We read about it in a book that we highly recommend you read (if possible). Released a few years ago, it is written by Joni and Ken Eareckson Tada and is titled, Joni & Ken: If Unsaid Love story. They are an amazing couple!
We love how real and vulnerable Johnny and Ken are in this book. They are our kind of people! Both let you know the beautiful moments, but also the difficult and even stinky ones. As Dr. James Dobson says,
“This is truly a love story. It is not just a story of a man and a woman who have gone through incredible trials and struggles together. It’s a story of your love, commitment and dedication to each other through it all.”
And this is.
We are especially interested in learning more about Joni and Ken after reading an article titled, In this thing together, written by Ken Tada. Joni is a quadriplegic and often faces many challenges. But we love how her husband Ken stands by her through all the trials that come her way as a result of her paralysis.
In this love story article, Ken wrote the following:
“My wife and I are not marriage experts. We’re not even experts at doing the disability thing. But we do know this: suffering can either tear people apart in a marriage or it can bring them together.
“And just as God reveals tender, intimate things when we patiently hold on to him through our personal suffering, a marriage is tender when a couple patiently holds on to God—and to each other—through hardship.

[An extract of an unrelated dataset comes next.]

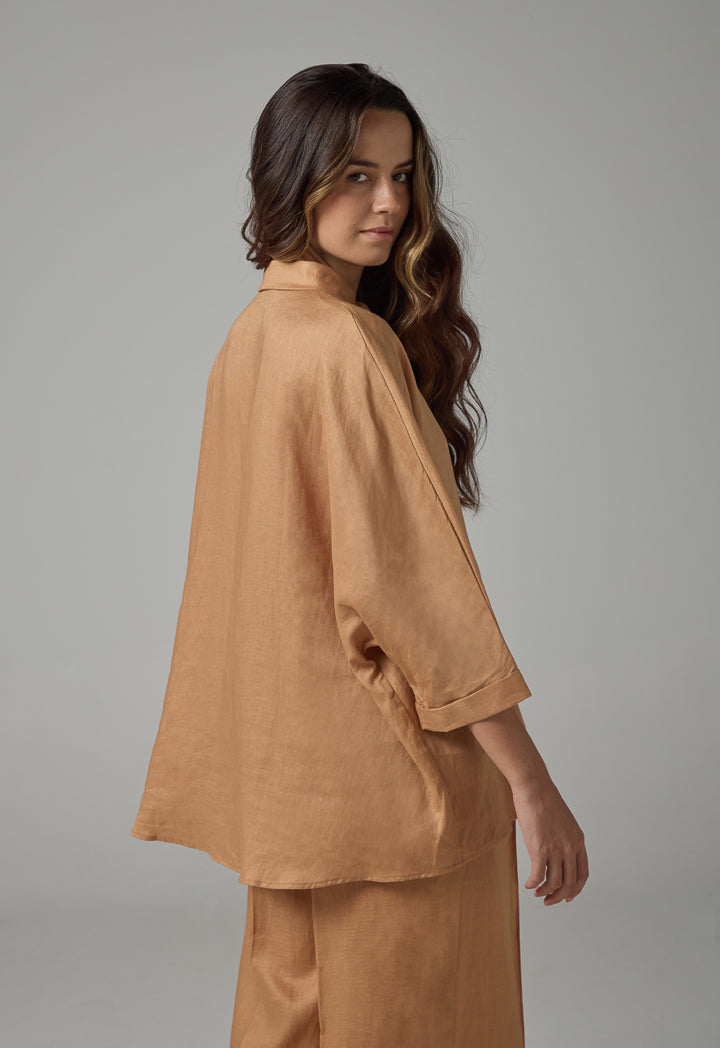 Choice Long Kimono Sleeves Basic Shirt Caramel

“I say this to every husband and wife who is going through difficult times: God always reveals himself to us when we come together, we desperately need him. And when we cling to God out of necessity, one of the most satisfying fruits of the Holy Spirit—the fruit of patience—cannot help but take root in a marriage.”
We remember Inspiration
What an inspiration! We are always looking for testimonials from those who make it in their marriages in the most difficult situations. This is not just to help other weddings, but because of the inspiration we gain. We try to remember them in the difficult moments of our marriage.

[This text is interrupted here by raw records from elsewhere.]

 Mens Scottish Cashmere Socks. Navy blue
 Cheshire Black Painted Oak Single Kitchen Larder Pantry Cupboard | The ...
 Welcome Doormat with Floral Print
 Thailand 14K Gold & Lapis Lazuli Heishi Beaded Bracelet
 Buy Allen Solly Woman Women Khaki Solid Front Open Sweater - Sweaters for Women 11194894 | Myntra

Steve was an insulin dependent diabetic for most of our marriage. As a result, we’ve been through some really, really tough times. These types of traumatic experiences break up many marital relationships. And we understand why it’s hard to keep your fingers crossed sometimes.
But we thank God that we have and we still “hold fast” to God and to one another. Temptations hold those moments when you just want to “move on” and not deal with the difficult things that disability, illness, and hardship bring to marriage.

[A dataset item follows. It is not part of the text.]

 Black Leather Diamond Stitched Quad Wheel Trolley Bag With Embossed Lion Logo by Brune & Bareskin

On this topic, we share a few quotes below that we pulled from Joni and Ken’s book. We hope they inspire and/or help you.
One thing Joni wrote that we found to be true is:
“We all dream dreams and we know very well that they don’t always come true. Life is especially difficult in high expectations. Things almost never turn out the way we would have written them. The fact is, if we put our hope in a certain set of circumstances that work a certain way at certain times, we are bound to be disappointed because nothing in this life is certain.
“So what’s the solution? Should I give up on dreams? No, it’s realizing that if we belong to God, there are even bigger dreams for our lives than our own. But to walk in those bigger dreams, we may face bigger obstacles than we ever imagined. And we will be forced to rely on a much more powerful and wonderful God than we have ever known before.”
Can you relate? Sure we can. How thankful we are that we have learned and are learning to draw closer to God! We have also learned to reach out to each other in difficult times. Throughout our marriage we have seen that, “Life is hard, but God is good.” You just have to lean into Him and keep leaning. And then, as you look back, you’ll be amazed at the ways God cares for us.
Learning opportunities
Another thing written in Ken and Joni’s book is that life, in all its brutality, can teach us many things. We learn even though we may not like the way these learning “opportunities” present themselves. Joni writes:
“If there were lessons from the years of pain and now cancer. If there was any knowledge they needed to learn, it was this: suffering was—and would continue to be—the thing God would use in their lives to draw them closer to Jesus. It is to show them His power to sustain. And shine brighter through them. Brighter than ever.”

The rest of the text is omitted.